Information supplied Start Marker
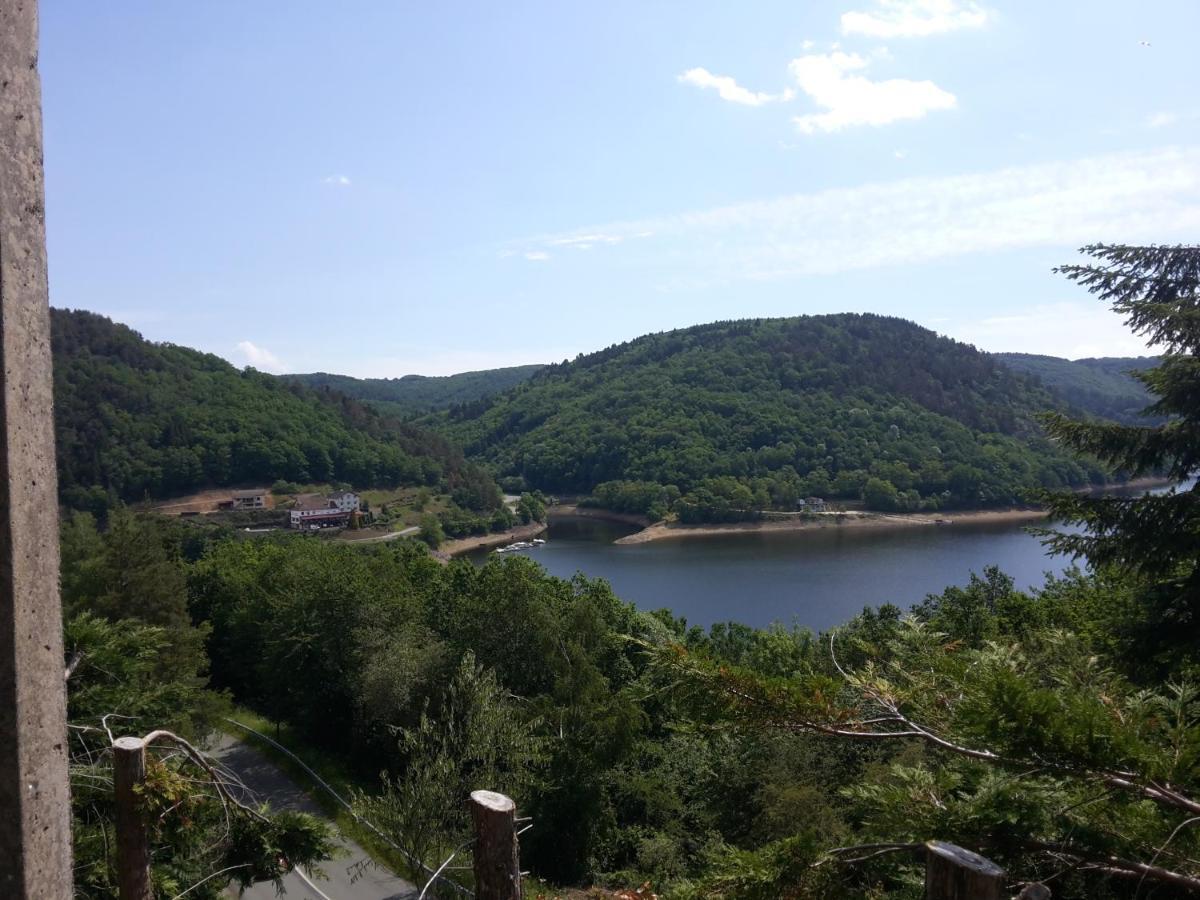 Ma Villa Au Bord De L'Eau Miremont  외부 사진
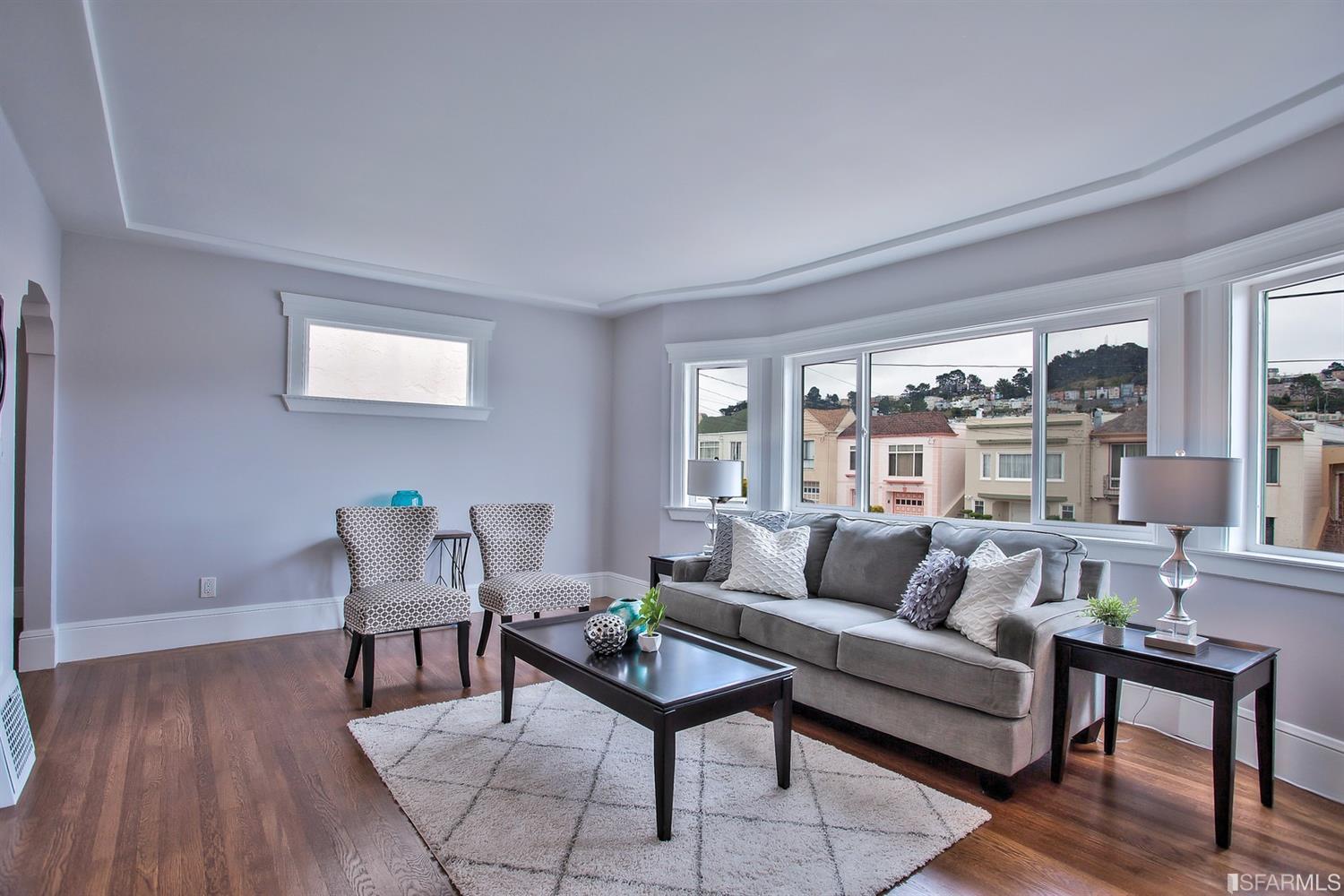 2153 20th Avenue San Francisco, CA 94116 - Photo 10 of 45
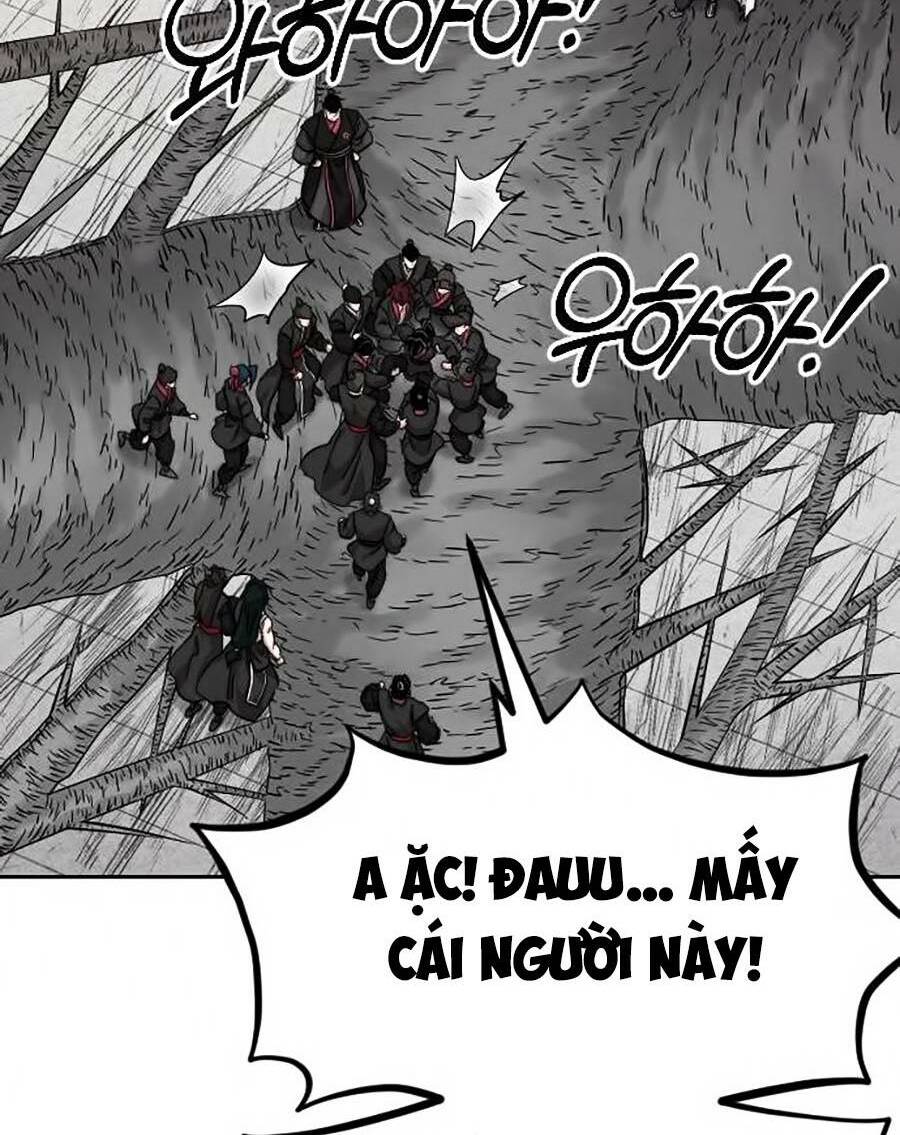 Hoa Sơn Tái Xuất Chap 69 - Next Chap 70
Information supplied End Marker
Problem to solve
Lines from the one that contains "2153 20th Avenue" through the last line of the data above are to be extracted exactly, with no pictures and no other lines.

Output for this exercise
 2153 20th Avenue San Francisco, CA 94116 - Photo 10 of 45
 Hoa Sơn Tái Xuất Chap 69 - Next Chap 70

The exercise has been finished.